New UMass Staff "Doing Things The Right Way"
The high school coach of a top 2026 recruit says to watch out for UMass based on the new coaching staff.
Jack Muldoon knows what big-time football programs look like.
Shoot, he’s in charge of one, albeit at the high school level.
But as the head coach at Monsignor Bonner & Archbishop Prendergast in Drexel Hill, Pa., Muldoon has gained visibility into several big-time college football programs as well.
Muldoon, who led Bonnie & Prendie to a state title this past season, has had players seriously recruited by schools like Penn State, Pitt, Syracuse, Rutgers, Boston College, Notre Dame, Notre Dame, Georgia, Tennessee and Texas A&M among dozens of others.
He knows how coaches at big-time schools carry themselves, especially when it comes to recruiting.
After having his 2026 edge defender CJ Amobi get recruited by UMass and ultimately commit to the Minutemen last month, Muldoon is convinced the new staff in Amherst is well-equipped for a turnaround.
“They have the right guys in there,” Muldoon told Minuteman Command. “I'm telling you, these dudes, they're football guys and they're not there to play. They want to take that program to another level.”

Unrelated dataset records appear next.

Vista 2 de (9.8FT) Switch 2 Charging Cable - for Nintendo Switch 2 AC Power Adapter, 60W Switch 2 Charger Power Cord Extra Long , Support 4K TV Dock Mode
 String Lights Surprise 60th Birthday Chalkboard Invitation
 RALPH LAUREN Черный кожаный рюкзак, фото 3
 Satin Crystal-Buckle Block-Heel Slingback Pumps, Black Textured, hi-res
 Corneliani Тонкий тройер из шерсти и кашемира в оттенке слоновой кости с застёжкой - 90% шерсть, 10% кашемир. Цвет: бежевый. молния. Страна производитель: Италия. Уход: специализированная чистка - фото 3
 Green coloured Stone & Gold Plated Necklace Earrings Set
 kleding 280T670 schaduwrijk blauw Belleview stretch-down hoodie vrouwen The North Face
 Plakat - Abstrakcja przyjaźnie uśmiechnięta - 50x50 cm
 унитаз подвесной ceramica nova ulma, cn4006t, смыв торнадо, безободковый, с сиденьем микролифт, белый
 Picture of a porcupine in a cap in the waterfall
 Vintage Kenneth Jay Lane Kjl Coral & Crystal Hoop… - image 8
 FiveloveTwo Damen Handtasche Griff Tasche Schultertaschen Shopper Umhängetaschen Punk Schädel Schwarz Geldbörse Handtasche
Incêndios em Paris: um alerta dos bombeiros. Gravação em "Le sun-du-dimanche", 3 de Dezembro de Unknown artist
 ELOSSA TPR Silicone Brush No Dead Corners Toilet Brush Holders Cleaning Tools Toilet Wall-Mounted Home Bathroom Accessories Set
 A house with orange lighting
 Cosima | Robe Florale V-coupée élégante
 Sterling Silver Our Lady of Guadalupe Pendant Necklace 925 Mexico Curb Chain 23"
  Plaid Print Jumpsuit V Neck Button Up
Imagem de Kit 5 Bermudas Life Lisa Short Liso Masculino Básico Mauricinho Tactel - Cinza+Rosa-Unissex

While UMass will make top in-state prospects a major priority in recruiting, the Minutemen have already shown an eagerness to expand that base throughout the Northeast.
We’ve always stressed the importance of prioritizing successful programs with established cultures as prime sources for exactly what first-year head coach Joe Harasymiak is attempting to build.
The New England prep schools provide those opportunities as do programs like St. Peter’s Prep, Don Bosco Prep, Bergen Catholic and St. Joseph Regional in New Jersey.
And programs like Bonnie & Predie in Pennsylvania.
When UMass brings in a player from those types of programs, the Minutemen aren’t just adding a talented prospect, they’re bringing in a player who has been exposed to how things are supposed to operate within a big-time program and one who has played and practiced against elite players.
“100 percent,” Muldoon agreed.
From a recruiting standpoint, that requires UMass coaches to recruit the way Power-4 programs do. They’ve shown a propensity to do just that and not only has that separated them from previous UMass staffs - according to high school coaches we talk to - but also from their peers.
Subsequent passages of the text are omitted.